Decision trees are intuitive and easy to interpret, but they tend to overfit—performing well on training data but poorly on unseen data. Tree ensembles solve this problem by combining multiple trees.

Ensemble Learning

Ensemble learning combines predictions from multiple models to produce better results than any single model. Just as a group of people can make better decisions together, a group of models can produce more accurate and stable predictions.

Every model has error from its limitations and from randomness in training data. Training multiple models that make slightly different mistakes allows those errors to cancel out. This is the core idea behind ensemble learning—using diversity among models to improve performance.

Bagging (Bootstrap Aggregation)

Bagging is the most common ensemble technique for decision trees. Here's how it works:

Bootstrap sampling: Create multiple datasets by randomly sampling from the original data with replacement (some examples appear multiple times, others not at all)
Train models: Train a decision tree on each dataset
Aggregate predictions:
- Classification: Majority vote across all trees
- Regression: Average of all predictions

Why bagging works:

Decision trees are high-variance models—small data changes create very different trees
Averaging many trees trained on slightly different data reduces this instability
The result is a smoother, more consistent model

Bagging works best with unstable models like decision trees. Stable models like linear regression don't benefit much because their predictions barely change between samples.

Out-of-Bag (OOB) Samples

Because bootstrap sampling leaves out about one-third of data points for each tree, these unused points serve as a built-in validation set. This is called out-of-bag evaluation.

Advantages:

No separate validation set needed
Efficient use of all data
Free performance estimate during training

Random Forest

Random Forest extends bagging by adding feature randomness. Instead of considering all features at each split, each tree only looks at a random subset of features. This forces trees to be more diverse, further reducing variance.
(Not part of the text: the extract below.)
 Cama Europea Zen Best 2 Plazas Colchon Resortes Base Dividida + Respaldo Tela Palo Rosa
For a comprehensive guide on Random Forest, including feature randomness, hyperparameters, tuning strategies, and feature importance, see Random Forest.
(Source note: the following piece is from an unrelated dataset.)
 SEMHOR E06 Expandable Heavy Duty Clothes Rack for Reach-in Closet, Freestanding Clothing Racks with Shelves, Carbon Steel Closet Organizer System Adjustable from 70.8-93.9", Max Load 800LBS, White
Other Tree Ensemble Methods

Beyond Random Forest, other popular tree ensemble methods include:

Gradient Boosting: Sequentially trains trees that correct previous errors (XGBoost, LightGBM, CatBoost)
AdaBoost: Adapts by focusing on misclassified examples
Extra Trees: Uses random splits instead of optimal splits for even more diversity

Each method balances bias and variance differently, with different strengths for various problems.